This new Somalia intervention comes 11 years after the last U.S. troops withdrew from an earlier
botched adventure there. It seems to crystallize a new pattern for U.S. military action in Africa:
Identify the location of terrorists or regimes that may harbor terrorists, combine selective U.S.
military action with support for clients eager to advertise their anti-terrorist credentials,
marginalize diplomatic options and leave it to international agencies to pick up the pieces.
As in the Cold War, when African interests took second place to superpower rivalry, concern for
the fate of African peoples gets lip service at best. A similar dynamic played out in a less-noticed
U.S. intervention in the Sahara and Sahel regions, beginning in 2003. Relying on deceptive
intelligence from Algeria, the U.S. military portrayed a hostage taking in southern Algeria as a
full-fledged terrorist threat to the entire region, and stepped up U.S. military engagement to train
and guide regional militaries in anti-terrorist tactics.

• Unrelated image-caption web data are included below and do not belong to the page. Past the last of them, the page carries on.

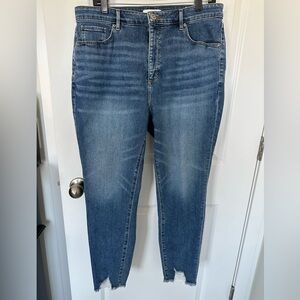 LOFT Curvy High Waist Skinny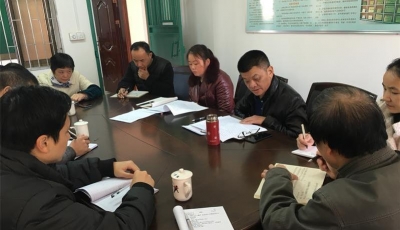 梅江区档案局党支部书记黄瑛作2017年度述责述廉报告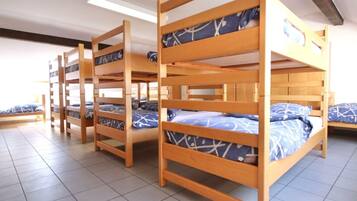House | 4 bedrooms, individually furnished, iron/ironing board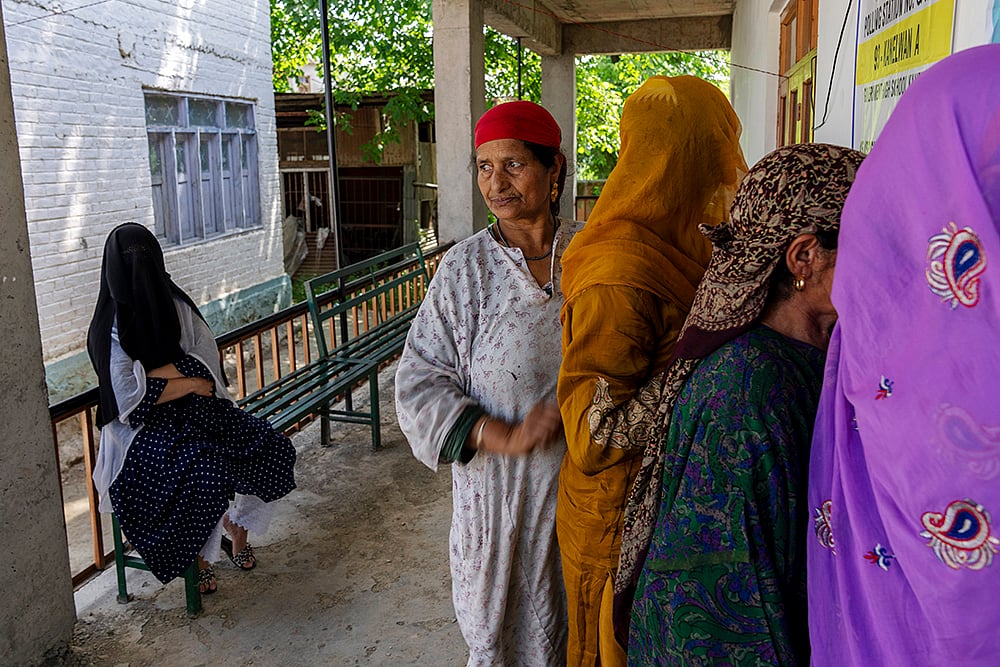 India General Elections 2024 Phase 6 Voting in Kashmir_3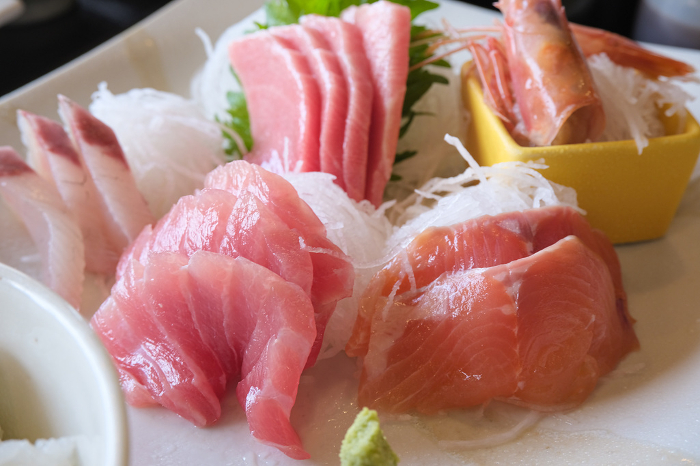 Assorted fresh sashimi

The result, according to Sahara expert Jeremy Keenan, of Exeter University, has been to intensify
"anger, frustration, rebellion, political instability, and insecurity across the entire region." Now
the United States has turned to Ethiopia, which has fought two wars with Somalia since 1960, to
prop up a Somali government. This not only destroyed the brief stability enjoyed by residents of
the capital, Mogadishu, under the Islamic courts. It has also strengthened extremists against
moderates within the Islamic coalition and mobilized Somali sentiment against the United States
and the new regime.
As the Royal Africa Society's Richard Dowden commented in The Independent, of London, that
regime, despite nominal international recognition, is led by "one of Somalia's nastiest warlords,"
Abdullahi Yusuf. Yusuf "has made a pact with the country's age-old enemy. ... Think Oswald
Mosley [the British fascist leader] being installed by the Germans as president of Britain in 1940
and you get close to the feeling Yusuf's government inspires in Somalia today."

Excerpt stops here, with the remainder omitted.